A practical review loop for turning agent activity into compounding memory, workflows, constraints, and standards.

Agents do not automatically improve your operating system.

They produce outputs. They complete tasks. They may even notice patterns. But unless those patterns are reviewed and converted into memory, the system resets. The same mistakes return. The same context is restated. The same workflows remain vague.

A weekly agent review loop turns agent activity into compounding infrastructure.

Why review matters

Autonomy creates drift.

The more an agent can do, the more important it becomes to ask what changed, what failed, what should be remembered, and what should be constrained.

Without review, agents create motion. With review, agents create learning.

The weekly review is not a productivity ritual. It is a governance mechanism for a Cognitive OS.

The loop

Once a week, review agent activity through six questions.

1. What did the agents produce?

List the outputs: drafts, research notes, code changes, published posts, summaries, plans, decisions, or operational fixes.

Do not evaluate yet. First create an inventory.

2. What actually mattered?

Separate motion from value.

Which outputs changed the system, advanced a real goal, clarified a decision, improved a workflow, or created reusable context?

This is where you prevent busyness from masquerading as progress.

3. What context was missing?

Look for moments where the agent needed information that was not available.

Was there no project brief? No source list? No editorial standard? No decision log? No examples? No constraints?

Missing context is not just a failure. It is a memory asset waiting to be created.

4. What should become a file?

If the same context will be useful again, write it down.

Create or update:

  • `decisions.md`
  • `lessons.md`
  • `standards.md`
  • `sources.md`
  • `workflow.md`
  • `review.md`
  • `open-questions.md`

The goal is to make next week’s agents start from a better state.

5. What should be constrained?

Agents need boundaries.

Ask what they should not do without approval. This may include publishing, deleting, spending money, changing pricing, representing a person, making sensitive claims, or modifying core strategy.

A good review loop does not only add capability. It adds judgment gates.

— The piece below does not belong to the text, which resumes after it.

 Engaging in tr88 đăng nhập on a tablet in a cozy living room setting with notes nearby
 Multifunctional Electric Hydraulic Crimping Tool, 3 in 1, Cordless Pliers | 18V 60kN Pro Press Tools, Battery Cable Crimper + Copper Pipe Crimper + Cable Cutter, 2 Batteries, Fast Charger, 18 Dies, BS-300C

6. What is the next experiment?

Choose one improvement for the next week.

Not ten. One.

Examples:

  • add a source evaluation checklist
  • create a better article brief template
  • make a recurring field note format
  • add a pre-publish review gate
  • improve the file structure
  • define a new agent role

Small improvements compound when they are captured.

A simple template

# Weekly Agent Review

Week of:

## Outputs
- 

## What mattered
- 

## Missing context
- 

## Files updated
- 

## New constraints
- 

## Next experiment
- 

This template is deliberately small. A review loop that is too heavy will be abandoned.

The point is not documentation for its own sake. The point is system learning.

The operating principle

Every week, ask whether your agents made the system smarter.

If they only produced outputs, you used AI.

If they improved the memory, workflows, files, constraints, and standards around future work, you built a Cognitive OS.